Herschel Observations of the W3 GMC: Clues to the Formation of Clusters of High-Mass Stars

TL;DR

This study uses Herschel data to analyze the W3 GMC, revealing key regions and proposing a feedback-driven model for high-mass star cluster formation, emphasizing dynamic environmental processes over classical low-mass star formation.

Contribution

It introduces a 'convergent constructive feedback' scenario for high-mass star cluster formation based on Herschel observations of W3 GMC.

Findings

W3 East, W3 West, and W3 (OH) are the most massive and luminous sources.

High-mass star formation is associated with feedback processes that gather and compress material.

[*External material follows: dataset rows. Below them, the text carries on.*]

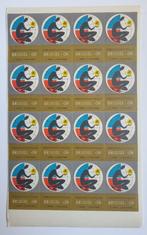 Expo 58 ~ 3 x 16 timbres publicitaires ~ (trois feuillets), Collections, Autres types, Enlèvement ou Envoi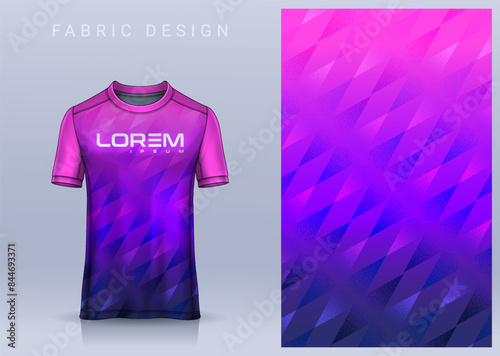 Fabric textile design for Sport t-shirt, Soccer jersey mockup for football club. uniform front view.	
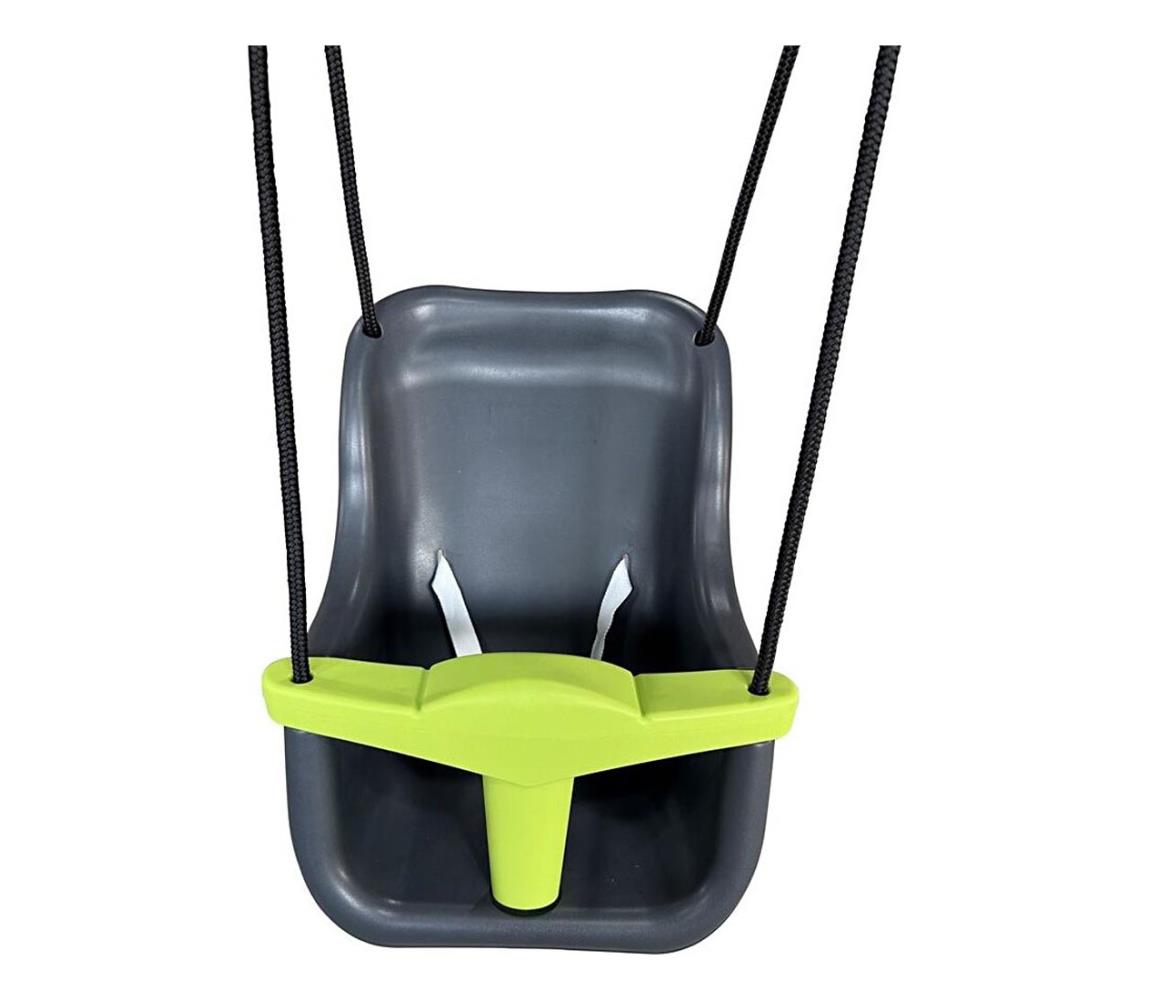 2Kids Toys - Dziecięca plastikowa huśtawka szaro-zielona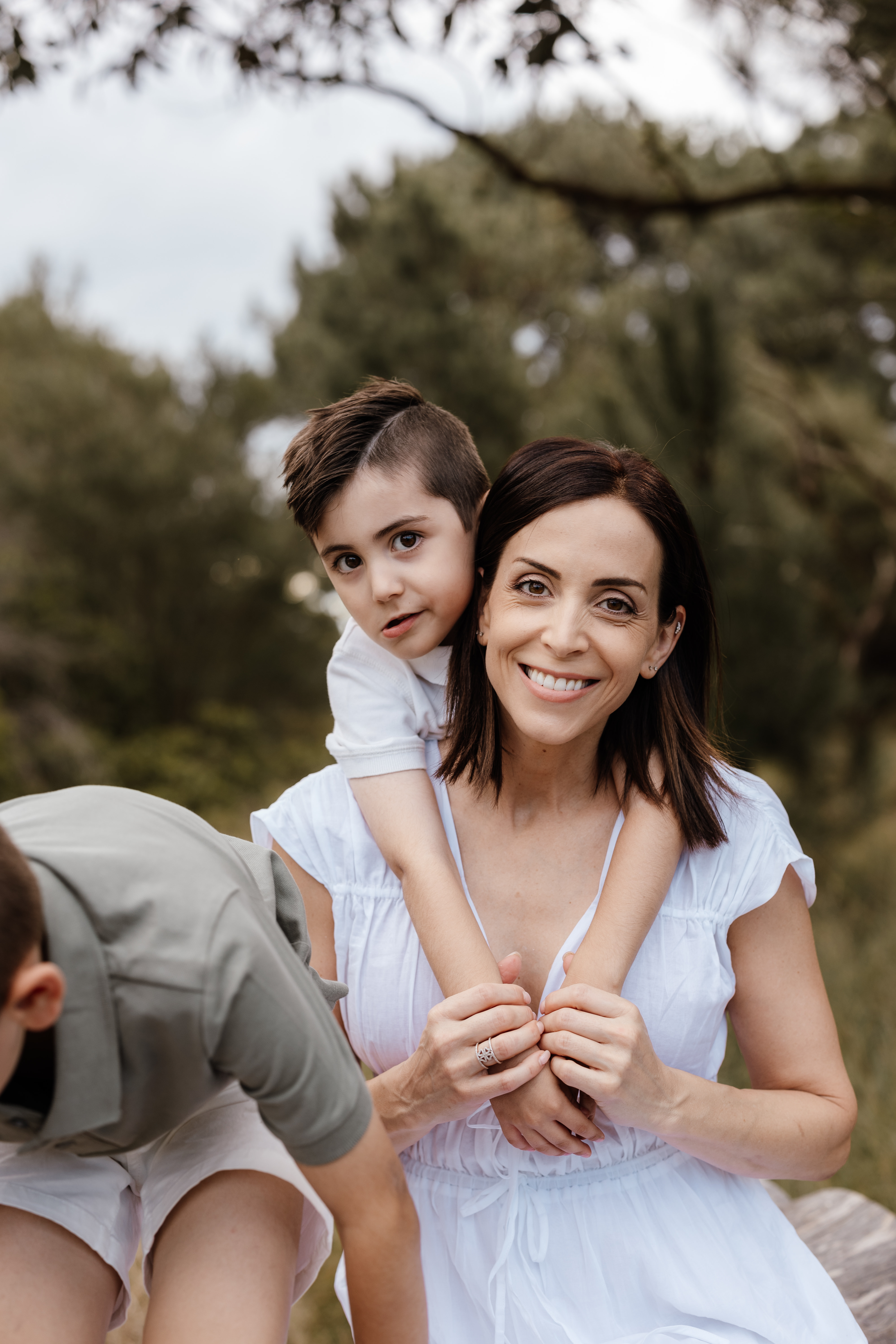 Bianca with her two boys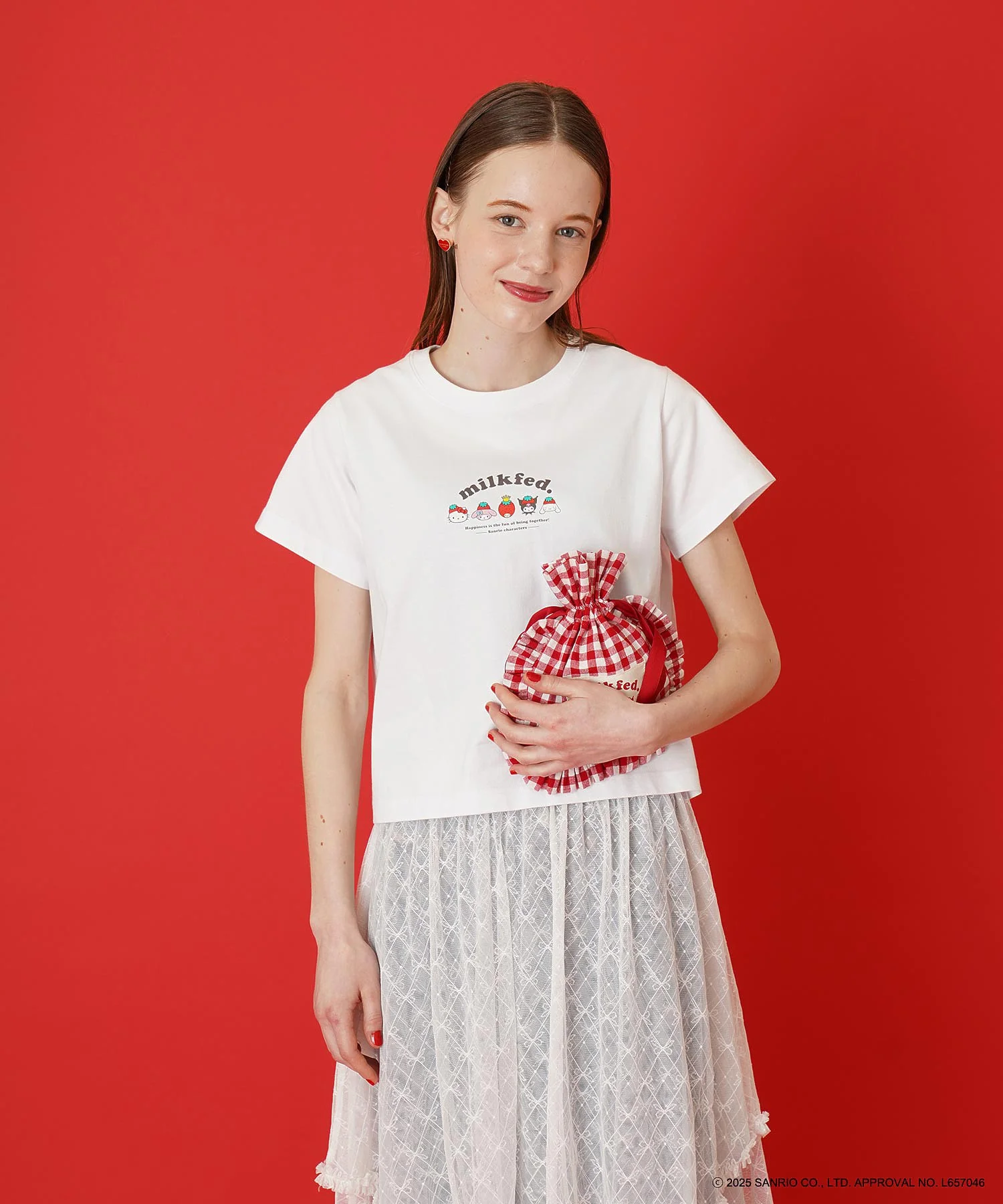 MILKFED. × SANRIO CHARACTERS DRAWSTRING POUCH - Image 6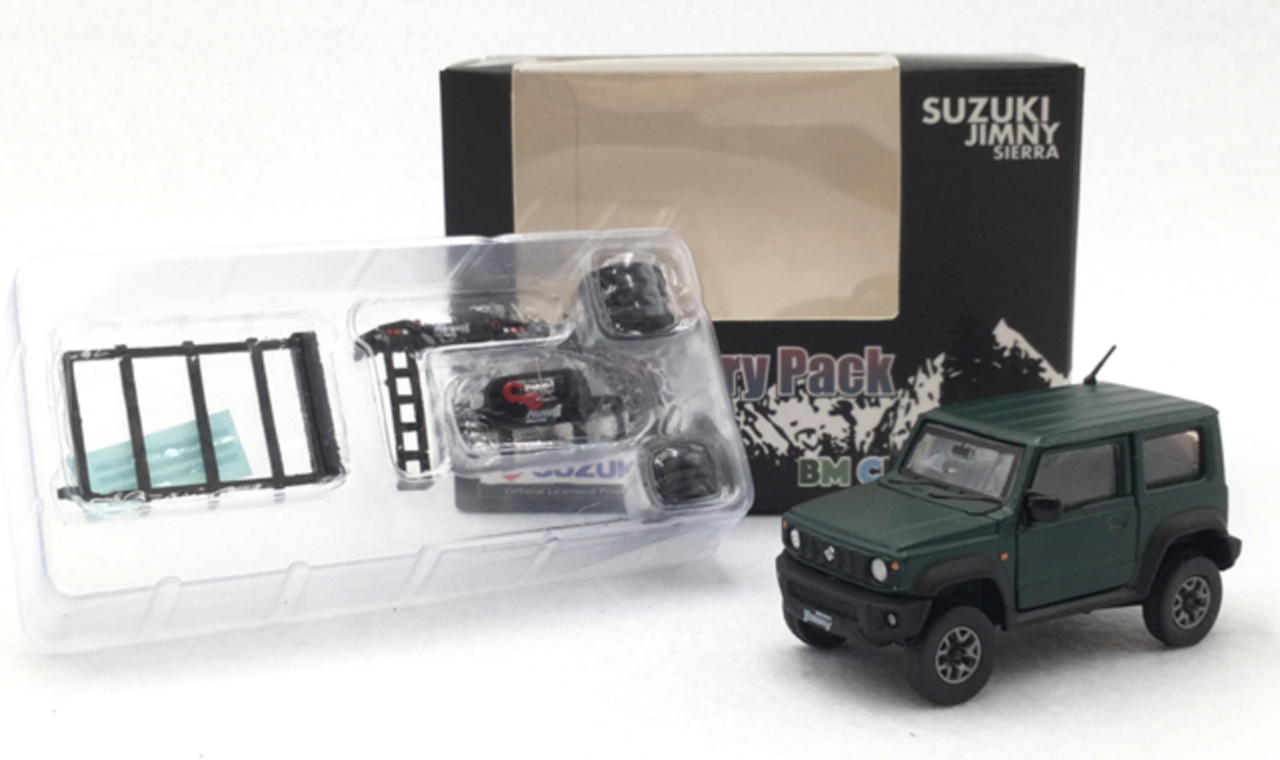 1/64 BM Creations Suzuki Jimny (JB74) (Green) Diecast Car Model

High-mass star formation likely involves dynamic, convergent environmental processes.

Abstract

The W3 GMC is a prime target for the study of the early stages of high-mass star formation. We have used Herschel data from the HOBYS key program to produce and analyze column density and temperature maps. Two preliminary catalogs were produced by extracting sources from the column density map and from Herschel maps convolved to the 500 micron resolution. Herschel reveals that among the compact sources (FWHM<0.45 pc), W3 East, W3 West, and W3 (OH) are the most massive and luminous and have the highest column density. Considering the unique properties of W3 East and W3 West, the only clumps with on-going high-mass star formation, we suggest a 'convergent constructive feedback' scenario to account for the formation of a cluster with decreasing age and increasing system/source mass toward the innermost regions. This process, which relies on feedback by high-mass stars to ensure the availability of material during cluster formation, could also lead to the creation of an environment suitable for the formation of Trapezium-like systems. In common with other scenarios proposed in other HOBYS studies, our results indicate that an active/dynamic process aiding in the accumulation, compression, and confinement of material is a critical feature of the high-mass star/cluster formation, distinguishing it from classical low-mass star formation. The environmental conditions and availability of triggers determine the form in which this process occurs, implying that high-mass star/cluster formation could arise from a range of scenarios: from large scale convergence of turbulent flows, to convergent constructive feedback or mergers of filaments.